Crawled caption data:
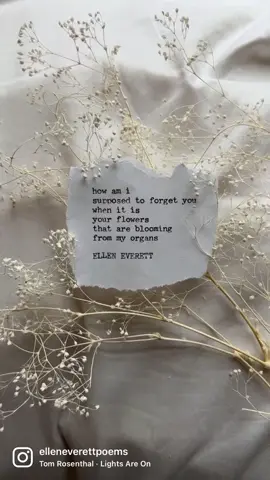save and send to someone who is going through something 💔 #poetry #isawyouasaflower #poetrytok #poetrytiktok #sadpoetry #heartbreakpoetry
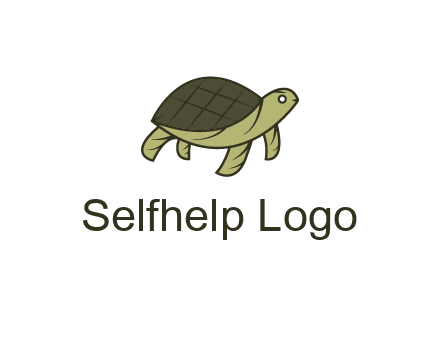 abstract turtle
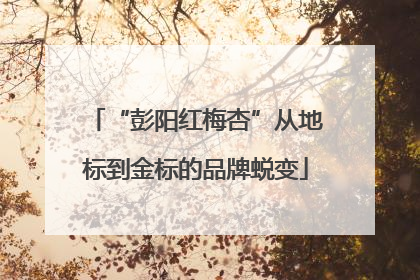 “彭阳红梅杏”从地标到金标的品牌蜕变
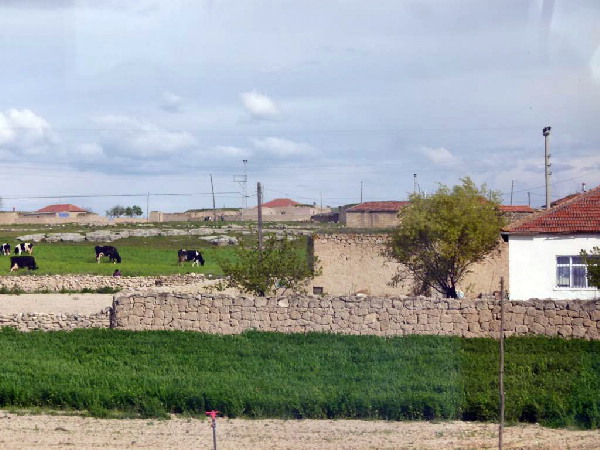image46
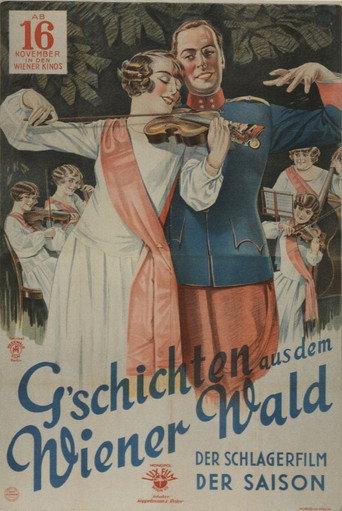 Tales from the Vienna Woods (1928) poster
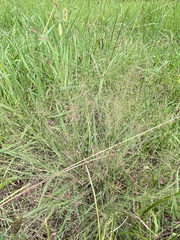 Eragrostis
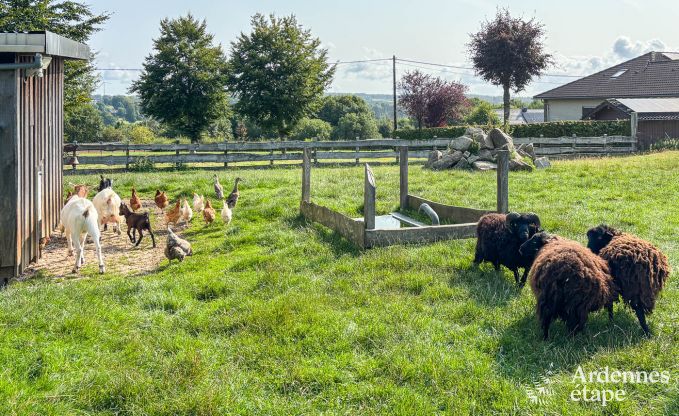 Gerumige Ferienwohnung fr 12 Personen mit 5 Schlafzimmern und gemeinsamem Privatgarten und Wellness in Butgenbach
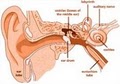 Advanced Hearing Care image 3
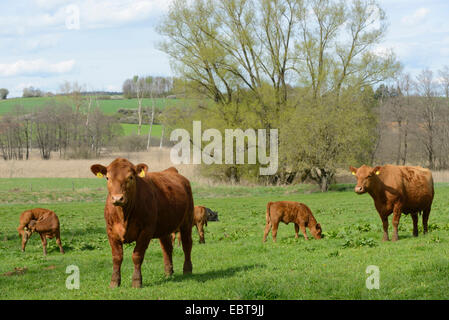 Les bovins domestiques (Bos primigenius f. taurus), les vaches avec des veaux dans un pâturage, en Allemagne, en Bavière Banque D'Images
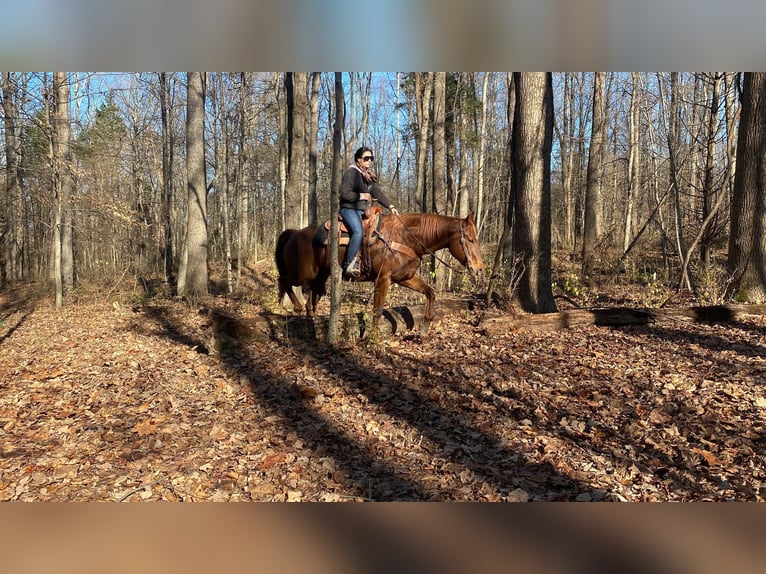 American Quarter Horse Mare 15 years 15,1 hh Chestnut in Moscow OH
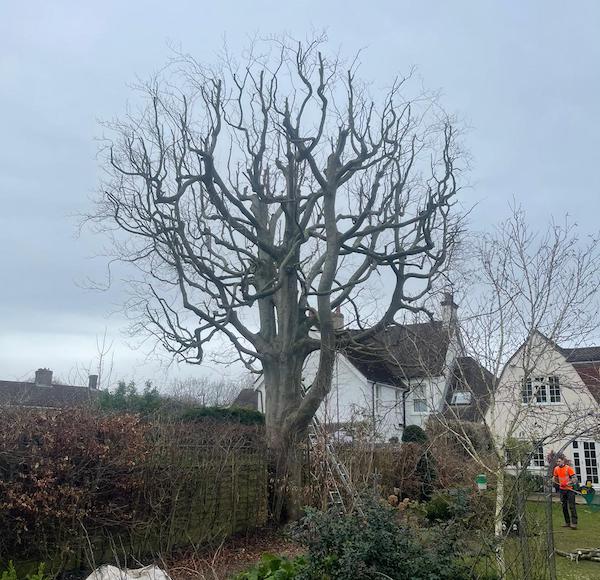 A tree's branches being reduced in a residential garden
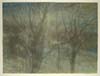 CSwcMoonlightTrees(nodate)18x24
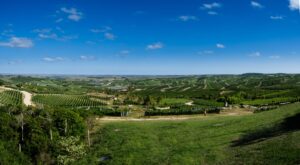 Bodega Garzón, Uruguay | Luxury Uruguay Holidays | The Ultimate Travel Company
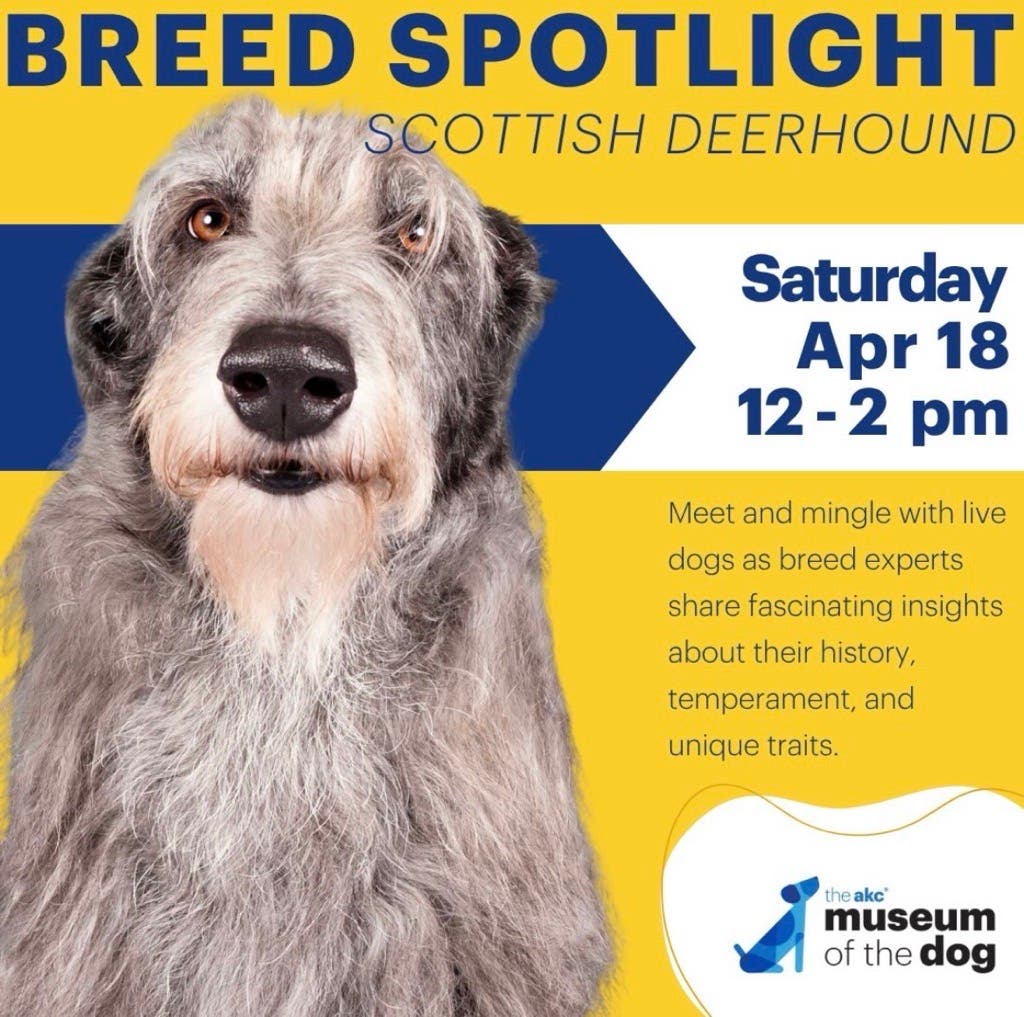 Breed Spotlight : Scottish Deerhound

**What you have to do**
Repeat the data above exactly, but not the pictures.

**Final answer**
save and send to someone who is going through something 💔 #poetry #isawyouasaflower #poetrytok #poetrytiktok #sadpoetry #heartbreakpoetry
 abstract turtle
 “彭阳红梅杏”从地标到金标的品牌蜕变
image46
 Tales from the Vienna Woods (1928) poster
 Eragrostis
 Gerumige Ferienwohnung fr 12 Personen mit 5 Schlafzimmern und gemeinsamem Privatgarten und Wellness in Butgenbach
 Advanced Hearing Care image 3
 Les bovins domestiques (Bos primigenius f. taurus), les vaches avec des veaux dans un pâturage, en Allemagne, en Bavière Banque D'Images
 American Quarter Horse Mare 15 years 15,1 hh Chestnut in Moscow OH
 A tree's branches being reduced in a residential garden
 CSwcMoonlightTrees(nodate)18x24
 Bodega Garzón, Uruguay | Luxury Uruguay Holidays | The Ultimate Travel Company
 Breed Spotlight : Scottish Deerhound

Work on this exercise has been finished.